This result serves as the overall test statistic in the decision rules discussed in the next section. The following algorithm was used to obtain ${\boldsymbol{y}}^{\ast}$ and ${\overline{\chi}}^2:$

  1. 1. Obtain the Cholesky decomposition ${\boldsymbol{W}}^{-1}={\boldsymbol{B}}^{\mathrm{T}}\boldsymbol{B}$ , and let $\boldsymbol{A} = {\boldsymbol{B}}^{-1}$ .

  2. 2. Compute $\boldsymbol{z}=\boldsymbol{By}$ . If $\boldsymbol{W}$ is the covariance matrix of $\boldsymbol{y}$ , then the covariance matrix of $\boldsymbol{z}$ is the identity matrix.

  3. 3. Project $\boldsymbol{z}$ onto the cone $\boldsymbol{Ax}\ge 0$ with the function coneA of the R-package coneproj (Liao & Meyer, Reference Liao and Meyer2014). Let ${\boldsymbol{z}}^{\ast}$ be the result of this projection; then ${\boldsymbol{y}}^{\ast} = \boldsymbol{A}{\boldsymbol{z}}^{\ast}$ .

  4. 4. Compute ${\overline{\chi}}^2 = {\left\Vert \boldsymbol{z}-{\boldsymbol{z}}^{\ast}\right\Vert}^2$ , where $\left\Vert \cdot \right\Vert$ is the Euclidian distance.

5.2 Preselected standardized partial sum of pairwise statistics

In their CARP statistics, Ellis and Sijtsma (Reference Ellis and Sijtsma2023) split the total sample of subjects into a training sample and a test sample.
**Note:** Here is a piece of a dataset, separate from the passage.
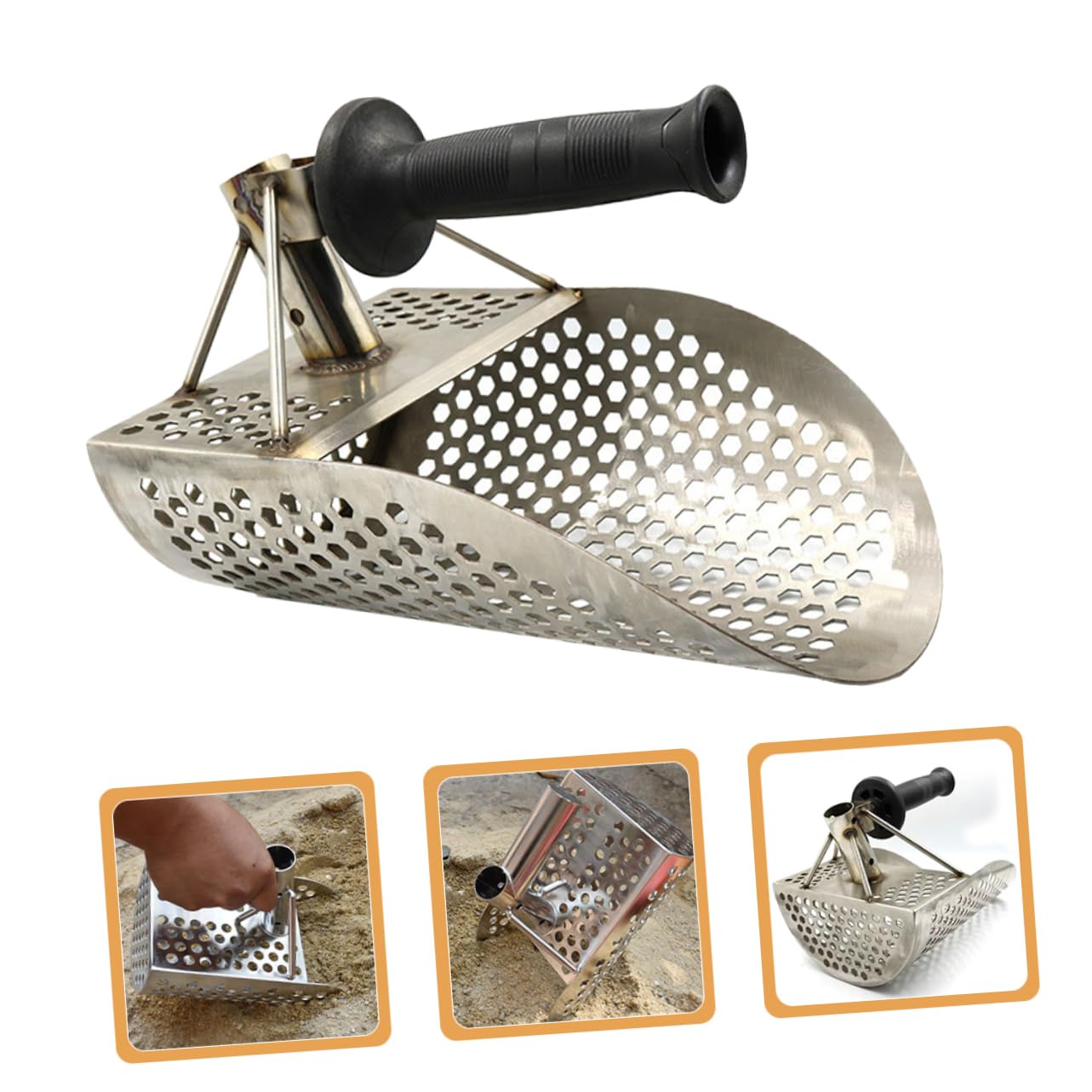 Pala Detector de Metales de Acero Inoxidable Diseño Versátil y Agujeros para Cedazo de Suelo en Variedad de Tipos de Tierra y Playa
In our treatment hitherto, all statistics were computed with the test sample. However, one can compute ${C}_{ij+}$ in the training sample as well; denote this as ${C}_{ij+}^{\mathrm{training}}$ . Let ${T}_{-}$ be the set of pairs $\left(i,j\right)$ with ${C}_{ij+}^{\mathrm{training}}<0$ and $i>j$ , and denote its size as $\mid {T}_{-}\mid$ . We add the corresponding values of $\boldsymbol{y}$ and divide the sum by its standard error. More specifically, let ${y}_{\frac{\left(i-1\right)\left(i-2\right)}{2}+j}={C}_{ij+}$ for all $J\ge i>j\ge 1$ , and define ${\boldsymbol{y}}_{-}$ as the subvector of $\boldsymbol{y}$ containing the elements ${y}_{\frac{\left(i-1\right)\left(i-2\right)}{2}+j}$ for which $\left(i,j\right)\in {T}_{-}$ . Let ${\boldsymbol{W}}_{-}$ be the submatrix of $\boldsymbol{W}$ , corresponding to the elements of ${\boldsymbol{y}}_{-}$ ; Ellis and Sijtsma (Reference Ellis and Sijtsma2023) defined the omnibus statistic as

$$\begin{align*}{Z}_{\mathrm{PS}}:= \frac{\sum {\boldsymbol{y}}_{-}}{\sqrt{\sum {\boldsymbol{W}}_{-}}},\end{align*}$$

where $\sum$ indicates the sum over all elements in the following vector or matrix. Here, we call this omnibus test statistic the preselected standardized partial sum of pairwise statistics. For clarity, if $\boldsymbol{y}$ contains the ${Z}_{ij}$ s and $\boldsymbol{W}$ is assumed to be the identity matrix, then

$$\begin{align*}{Z}_{\mathrm{PS}}=\frac{\sum \left\{{Z}_{ij}|\left(i,j\right)\in {T}_{-}\right\}}{\sqrt{\mid {T}_{-}\mid }}.\end{align*}$$

5.3 Conditionalized multiple testing procedures

Ellis et al. (Reference Ellis, Pecanka and Goeman2018) argued that multiple testing procedures for interval hypotheses can be enhanced with the following general adaptation: Pick some real number $\lambda \in \left(0,1\right]$ , and select only the p-values with ${p}_i<\lambda$ , and divide each ${p}_i$ by $\lambda$ ; then, apply an ordinary multiple testing procedure, such as the Bonferroni correction or the Benjamini-Hochberg correction, to the resulting set. That is, apply an ordinary multiple testing procedure to the set of corrected $p$ -values $\left\{{p}_i/\lambda :{p}_i<\lambda \right\}$ . Ellis et al. argue that this procedure often controls the Type 1 error, certainly with independent $p$ -values, and also with non-independent $p$ -values if the number of $p$ -values is large and the Bonferroni-correction is used. They show that this procedure increases the power if the $p$ -values are supra-uniform; that is, if most $p$ -values are higher than would be expected in a uniform distribution. We expect that the latter condition is often fulfilled in the situation under investigation here, where the $p$ -values test whether conditional covariances are nonnegative in the context of MH. If MH holds and the item response functions are not flat, then the conditional covariances will be positive, yielding supra-uniform $p$ -values.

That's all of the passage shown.